● **What is needed**: Nothing but the lines from the one with "Meyer Lemon Fruit" through the end of the records may appear in the answer, each reproduced exactly, pictures omitted.

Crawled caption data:
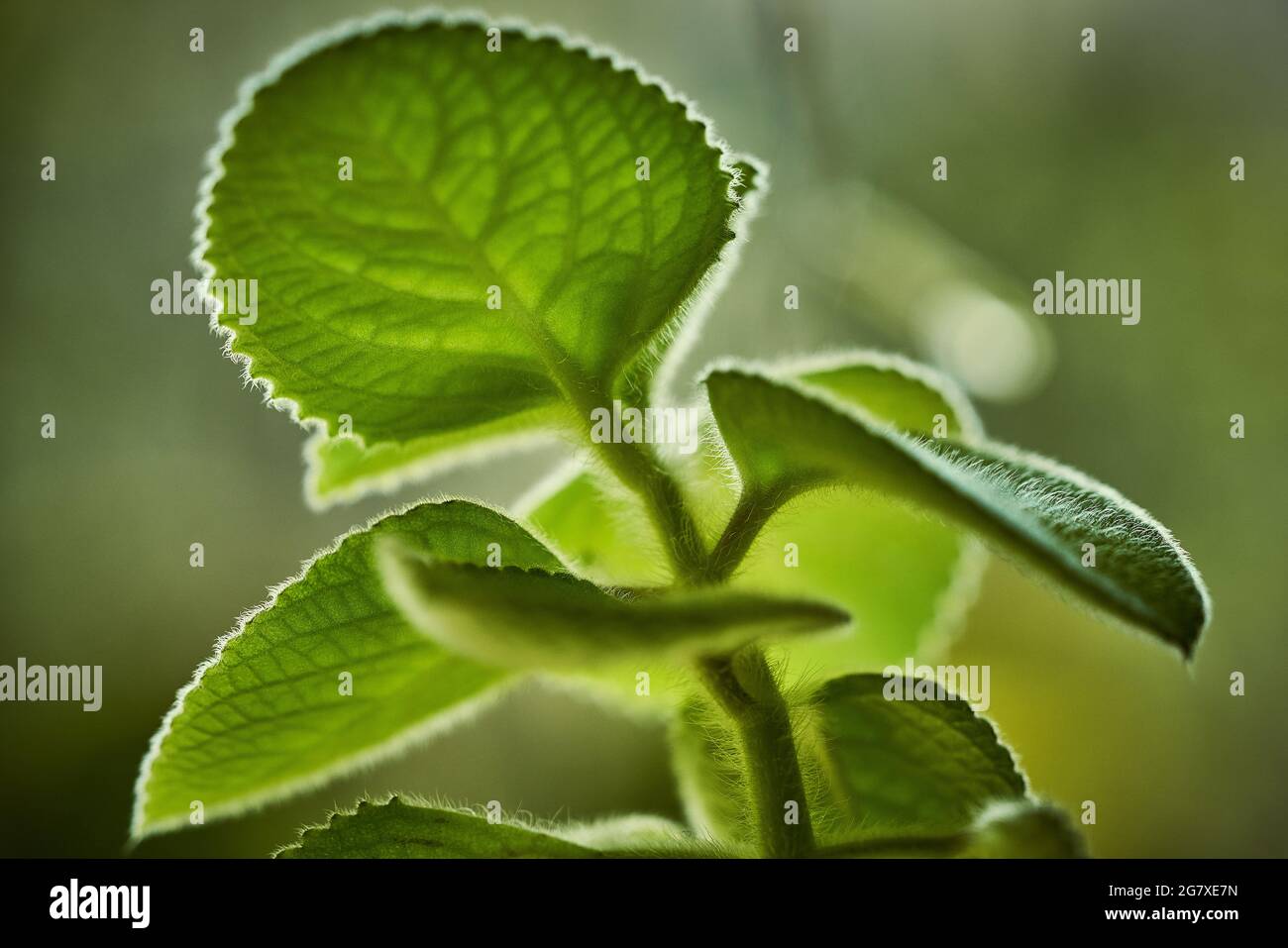 Kleine hellgrüne Pflanze mit Denkhaaren am Stamm und an den Blättern Stockfoto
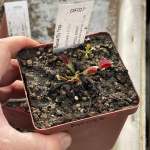 Venus Fly Trap 'la Grosse A Guigui.' Special Import. - Dormant Plant. 7.5CM Plastic Container.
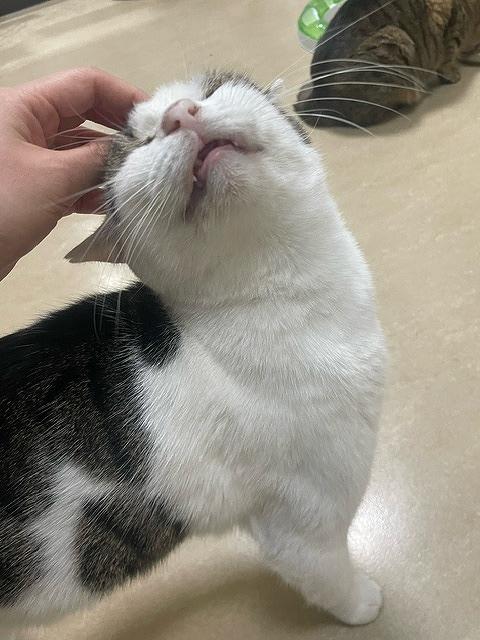 ライチの写真4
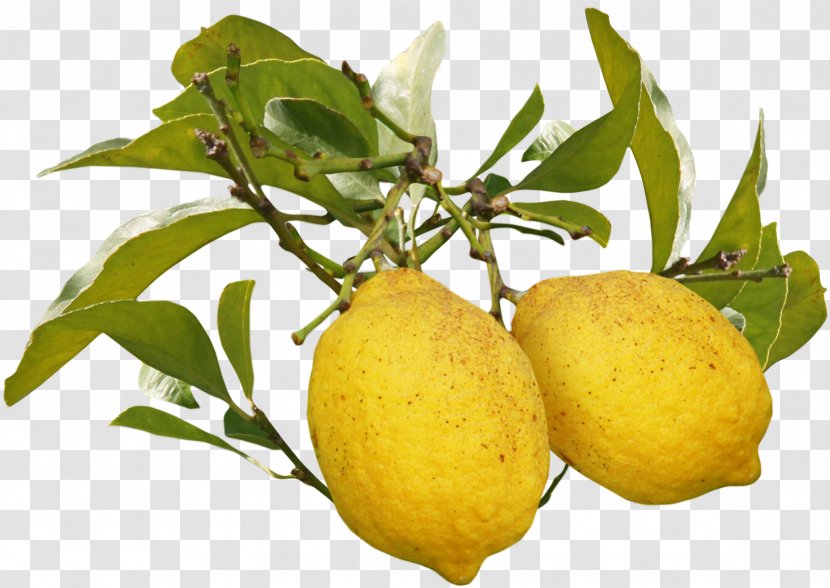 Meyer Lemon Fruit Auglis - Beautiful Mango Transparent PNG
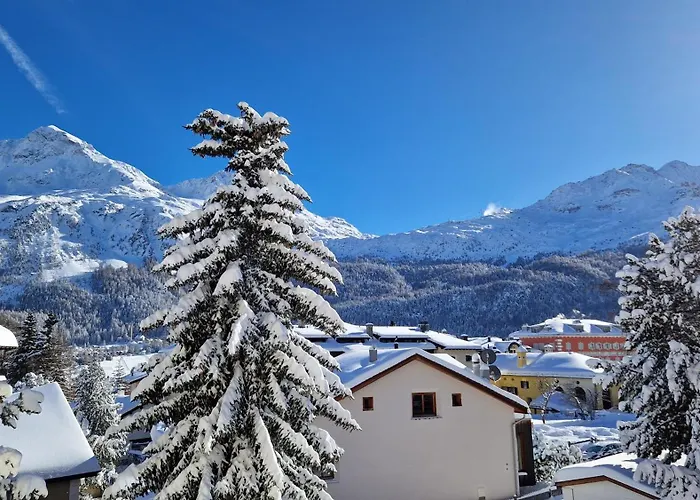 Appartement Chesa Bellaval, Haus La Vuolp 2 1 2 - Zimmerwohnung *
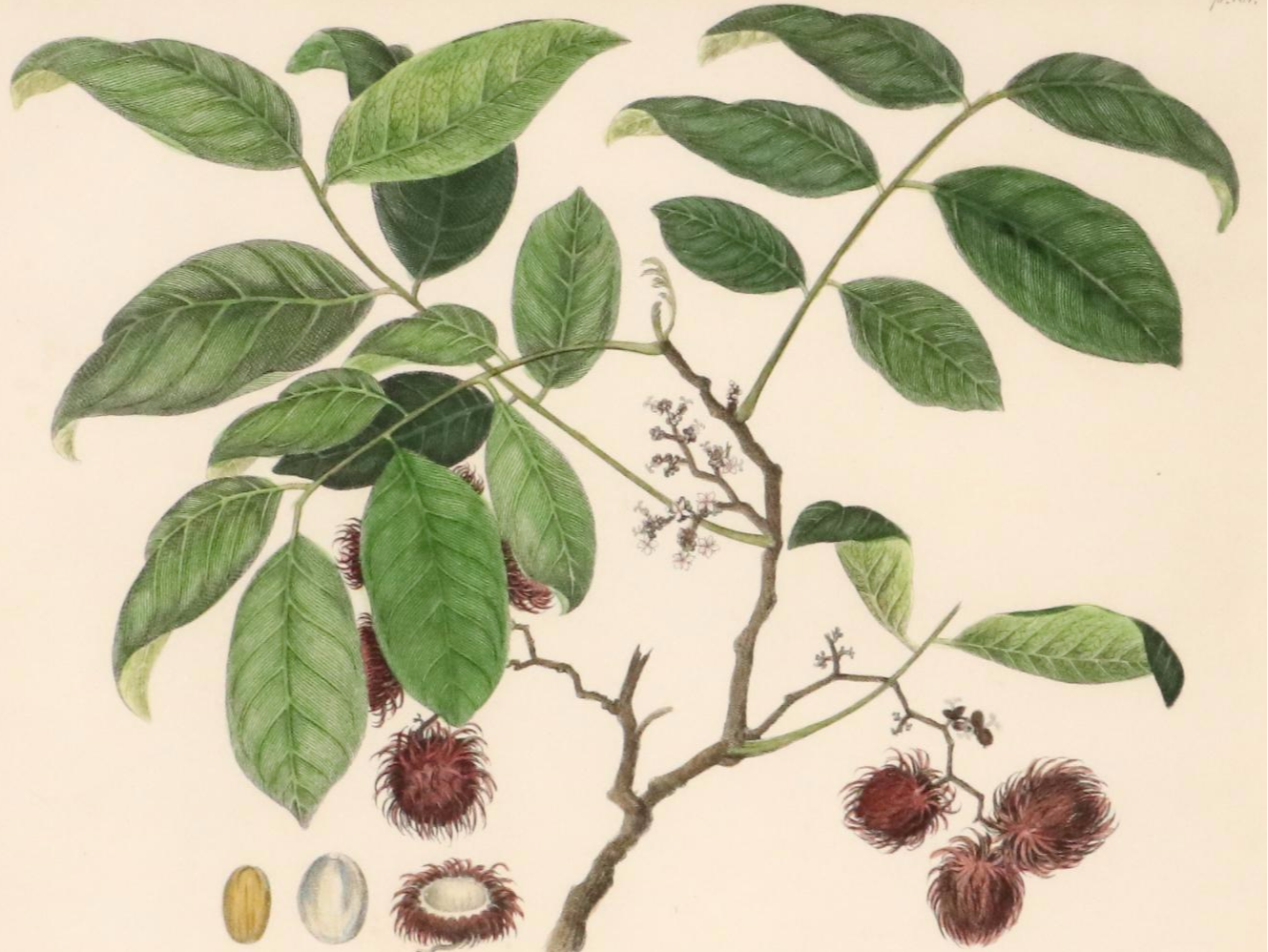 Botanical Hand-Colored Engravings Including "The Ramutan Nephelium Lappaceum"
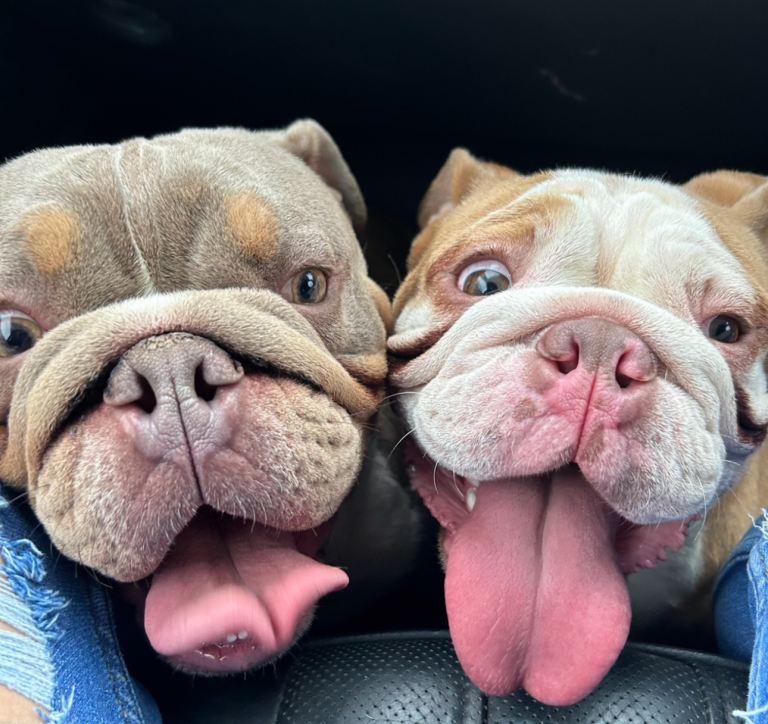 English bulldog puppy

● **Worked solution**:
 Meyer Lemon Fruit Auglis - Beautiful Mango Transparent PNG
 Appartement Chesa Bellaval, Haus La Vuolp 2 1 2 - Zimmerwohnung *
 Botanical Hand-Colored Engravings Including "The Ramutan Nephelium Lappaceum"
 English bulldog puppy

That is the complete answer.